Оставшись с Дэвидом, Брук потеряла самоуверенность и избегала смотреть ему в глаза.

— Я еще раз повторяю, ты слишком молода для этого, — проворчал он.

— А я еще раз говорю, что буду заниматься садо-мазо.

— Что ж, если случится нечто ужасное, не говори, что я не предупреждал.

— Нечто ужасное могло случиться с тобой, когда я открыла твою тайную жизнь. Но не случилось.

— Что ты хочешь сказать?

— Мистер Лоуренс, я хочу сказать, что надо поступать так, чтобы дела не расходились со словами.

— Не умничай, — отрезал он, и Брук, надо отдать ей должное, покраснела. Все еще сердясь за то, что прервали его первую сексуальную встречу с Хоуп, он хмуро смотрел на новую протеже Хильдегард. Затем Дэвид надел пиджак и натянул на голову свою серую шляпу. — Я лучше пойду, — сказал он, когда Хоуп появилась в полном облачении.

— Ты не хочешь угостить нас завтраком? — спросила Хоуп, удивленная, что ему так не терпится избавиться от их компании.

— Нет, я не хочу угощать вас завтраком, — ответил он раздраженным тоном, что заставило девушек переглянуться. — До свидания! — сказал он и побежал вниз по лестнице длиной в пять маршей.

— Что мы такого сделали? — недоумевала Хоуп.

— Может, это следствие избытка ощущений, — предположила Брук, когда обе нагнулись через перила и следили за удалявшейся шляпой.

— Наверно, ты права, — согласилась Хоуп. — За истекшие двадцать четыре часа он впервые отшлепал тебя, впервые овладел мною, а теперь еще обнаружил, что мы решили дружить. Не удивительно, что он так растерялся.

— Дэвид казался больше враждебным, чем растерянным, — заметила Брук.

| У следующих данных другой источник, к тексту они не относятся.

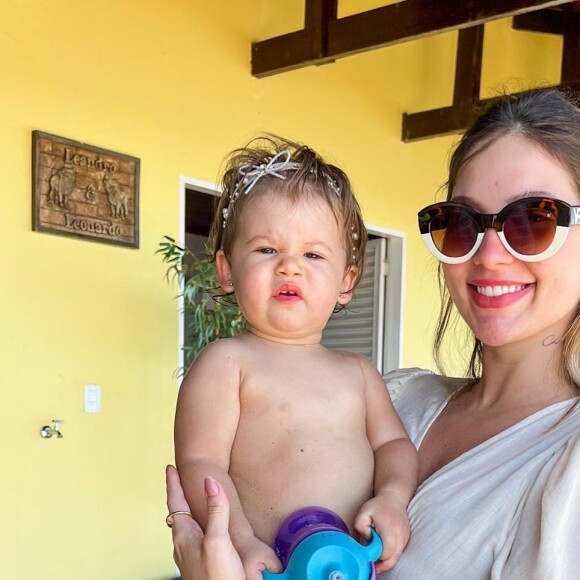  No vídeo, Virginia aparece de top e deixa o barrigão à mostra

— Что ж, это делает ему честь. Ты смогла бы уважать мужчину, который не расстроился бы от такого поворота дел?

— Однако он мог хотя бы предложить отвезти нас в Мелроуз.

— Пустяки, он принес мне много денег. Мы сможем взять такси, позавтракать и даже купить чулки.

— И не забудем о подарке для мистера Лоуренса, — сказала Брук, впервые наводя объектив видеокамеры на сияющую Хоуп.

— Мистер Лоуренс не принимает подарков от леди, — заявила Хоуп, тут же устанавливая визуальный контакт с видеокамерой Брук.

— Видно, он также не угощает их завтраком.

— Так лучше, — сказала Хоуп. — Мы сможем говорить о нем весь день.

Обе выбежали на улицу и последовали за Дэвидом по залитой ярким солнцем улице.